- What this task involves
Collect the lines of the entries where "Buitenkant" shows up.

━━━━━━━━━━━━━━━━━━━━━━━━━━━━━━

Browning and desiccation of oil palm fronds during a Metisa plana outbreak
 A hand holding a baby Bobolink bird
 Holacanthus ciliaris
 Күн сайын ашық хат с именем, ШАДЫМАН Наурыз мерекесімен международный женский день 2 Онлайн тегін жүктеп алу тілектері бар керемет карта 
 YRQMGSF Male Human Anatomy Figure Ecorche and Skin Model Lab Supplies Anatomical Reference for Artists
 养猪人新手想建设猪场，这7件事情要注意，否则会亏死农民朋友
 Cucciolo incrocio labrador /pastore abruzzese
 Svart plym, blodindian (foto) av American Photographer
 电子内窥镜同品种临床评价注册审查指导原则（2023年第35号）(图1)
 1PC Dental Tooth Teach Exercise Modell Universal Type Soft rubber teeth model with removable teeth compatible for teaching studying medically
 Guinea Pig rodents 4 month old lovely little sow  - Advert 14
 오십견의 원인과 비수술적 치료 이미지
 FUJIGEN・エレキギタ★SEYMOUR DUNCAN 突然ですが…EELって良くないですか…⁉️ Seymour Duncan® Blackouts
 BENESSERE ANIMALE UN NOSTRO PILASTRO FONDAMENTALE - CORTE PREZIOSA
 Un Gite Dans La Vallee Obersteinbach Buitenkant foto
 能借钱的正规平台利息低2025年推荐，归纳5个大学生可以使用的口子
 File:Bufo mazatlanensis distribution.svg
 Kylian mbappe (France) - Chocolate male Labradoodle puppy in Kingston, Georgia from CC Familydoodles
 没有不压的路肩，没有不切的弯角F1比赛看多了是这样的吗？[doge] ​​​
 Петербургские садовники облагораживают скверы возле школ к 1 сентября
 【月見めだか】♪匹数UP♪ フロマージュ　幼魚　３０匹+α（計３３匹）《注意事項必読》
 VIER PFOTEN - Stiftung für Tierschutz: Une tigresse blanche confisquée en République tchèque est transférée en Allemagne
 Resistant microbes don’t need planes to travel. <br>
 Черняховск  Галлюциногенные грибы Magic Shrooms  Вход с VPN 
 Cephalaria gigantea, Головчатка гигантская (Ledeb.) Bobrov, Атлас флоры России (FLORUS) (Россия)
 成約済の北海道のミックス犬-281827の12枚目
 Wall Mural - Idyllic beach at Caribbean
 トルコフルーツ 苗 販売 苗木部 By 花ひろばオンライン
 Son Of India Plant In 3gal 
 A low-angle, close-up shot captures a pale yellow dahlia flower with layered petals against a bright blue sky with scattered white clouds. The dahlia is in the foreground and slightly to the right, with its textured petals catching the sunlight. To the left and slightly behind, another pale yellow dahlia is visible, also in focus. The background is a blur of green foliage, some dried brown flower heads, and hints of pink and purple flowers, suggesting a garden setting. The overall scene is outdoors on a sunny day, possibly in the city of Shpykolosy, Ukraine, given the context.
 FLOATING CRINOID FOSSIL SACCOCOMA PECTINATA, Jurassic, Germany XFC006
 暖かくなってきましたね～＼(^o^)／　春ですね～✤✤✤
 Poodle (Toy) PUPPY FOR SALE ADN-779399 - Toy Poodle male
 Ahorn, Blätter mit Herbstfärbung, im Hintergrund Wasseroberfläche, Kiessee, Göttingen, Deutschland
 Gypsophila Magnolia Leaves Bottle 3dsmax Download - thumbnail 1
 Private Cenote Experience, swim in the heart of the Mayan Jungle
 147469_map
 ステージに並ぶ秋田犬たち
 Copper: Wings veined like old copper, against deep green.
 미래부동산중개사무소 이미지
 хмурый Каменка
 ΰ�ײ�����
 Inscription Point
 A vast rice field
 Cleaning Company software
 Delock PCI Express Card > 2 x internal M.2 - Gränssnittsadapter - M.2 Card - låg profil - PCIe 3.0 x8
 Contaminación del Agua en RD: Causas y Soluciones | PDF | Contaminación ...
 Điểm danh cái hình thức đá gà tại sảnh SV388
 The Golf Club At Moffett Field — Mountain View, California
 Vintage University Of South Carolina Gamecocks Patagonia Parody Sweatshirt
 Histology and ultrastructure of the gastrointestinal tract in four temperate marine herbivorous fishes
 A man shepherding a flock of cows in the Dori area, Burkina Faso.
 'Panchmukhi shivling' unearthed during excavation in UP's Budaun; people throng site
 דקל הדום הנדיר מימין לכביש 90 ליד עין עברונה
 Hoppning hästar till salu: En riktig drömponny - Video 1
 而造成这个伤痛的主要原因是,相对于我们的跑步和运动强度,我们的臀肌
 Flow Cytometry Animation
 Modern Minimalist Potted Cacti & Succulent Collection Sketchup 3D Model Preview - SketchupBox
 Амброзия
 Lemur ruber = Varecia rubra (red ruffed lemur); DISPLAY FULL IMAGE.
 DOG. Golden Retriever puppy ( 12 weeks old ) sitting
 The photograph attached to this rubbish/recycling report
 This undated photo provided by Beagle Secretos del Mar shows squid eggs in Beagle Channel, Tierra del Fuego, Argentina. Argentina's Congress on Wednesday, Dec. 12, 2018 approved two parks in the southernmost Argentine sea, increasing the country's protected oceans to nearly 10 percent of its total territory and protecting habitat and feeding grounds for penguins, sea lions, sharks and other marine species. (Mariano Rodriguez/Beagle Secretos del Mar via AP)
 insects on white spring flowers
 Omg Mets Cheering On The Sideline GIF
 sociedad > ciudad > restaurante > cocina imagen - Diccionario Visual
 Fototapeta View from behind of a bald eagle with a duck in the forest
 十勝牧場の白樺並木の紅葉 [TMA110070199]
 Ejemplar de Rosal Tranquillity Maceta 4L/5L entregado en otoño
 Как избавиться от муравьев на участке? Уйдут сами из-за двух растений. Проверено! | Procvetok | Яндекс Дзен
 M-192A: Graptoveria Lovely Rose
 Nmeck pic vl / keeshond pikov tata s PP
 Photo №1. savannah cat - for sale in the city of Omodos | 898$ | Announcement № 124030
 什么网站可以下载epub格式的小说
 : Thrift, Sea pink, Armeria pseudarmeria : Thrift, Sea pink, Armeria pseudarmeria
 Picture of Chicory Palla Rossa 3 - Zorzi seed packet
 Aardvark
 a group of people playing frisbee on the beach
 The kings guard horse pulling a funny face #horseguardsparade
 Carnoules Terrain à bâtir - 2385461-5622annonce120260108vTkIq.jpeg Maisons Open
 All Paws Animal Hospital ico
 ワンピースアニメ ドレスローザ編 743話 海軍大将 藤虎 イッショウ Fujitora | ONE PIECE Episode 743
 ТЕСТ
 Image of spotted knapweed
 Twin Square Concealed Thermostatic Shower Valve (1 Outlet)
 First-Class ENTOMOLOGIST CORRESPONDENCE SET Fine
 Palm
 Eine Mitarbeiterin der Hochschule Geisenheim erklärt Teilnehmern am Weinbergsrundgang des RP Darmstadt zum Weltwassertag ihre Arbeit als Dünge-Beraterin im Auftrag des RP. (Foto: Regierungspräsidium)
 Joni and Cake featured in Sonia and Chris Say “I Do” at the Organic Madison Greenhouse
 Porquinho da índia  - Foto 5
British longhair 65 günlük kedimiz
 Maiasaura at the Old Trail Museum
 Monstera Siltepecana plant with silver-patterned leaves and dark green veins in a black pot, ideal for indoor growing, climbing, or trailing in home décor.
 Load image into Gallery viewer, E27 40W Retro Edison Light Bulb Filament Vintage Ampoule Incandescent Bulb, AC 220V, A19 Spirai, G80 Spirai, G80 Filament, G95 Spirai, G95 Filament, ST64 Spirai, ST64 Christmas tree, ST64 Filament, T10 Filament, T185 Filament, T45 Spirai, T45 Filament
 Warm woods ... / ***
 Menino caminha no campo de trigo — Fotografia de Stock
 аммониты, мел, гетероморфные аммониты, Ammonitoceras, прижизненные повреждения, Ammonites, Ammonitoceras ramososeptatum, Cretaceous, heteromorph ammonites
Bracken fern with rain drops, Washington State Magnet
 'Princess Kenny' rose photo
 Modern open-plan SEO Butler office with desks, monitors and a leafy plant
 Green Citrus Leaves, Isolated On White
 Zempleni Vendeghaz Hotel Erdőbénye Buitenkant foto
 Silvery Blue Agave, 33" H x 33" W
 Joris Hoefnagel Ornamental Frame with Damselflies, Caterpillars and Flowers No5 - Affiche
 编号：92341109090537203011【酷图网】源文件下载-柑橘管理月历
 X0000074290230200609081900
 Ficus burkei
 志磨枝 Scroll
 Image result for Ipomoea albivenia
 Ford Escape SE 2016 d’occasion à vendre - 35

━━━━━━━━━━━━━━━━━━━━━━━━━━━━━━

- Written solution
 Un Gite Dans La Vallee Obersteinbach Buitenkant foto
 Zempleni Vendeghaz Hotel Erdőbénye Buitenkant foto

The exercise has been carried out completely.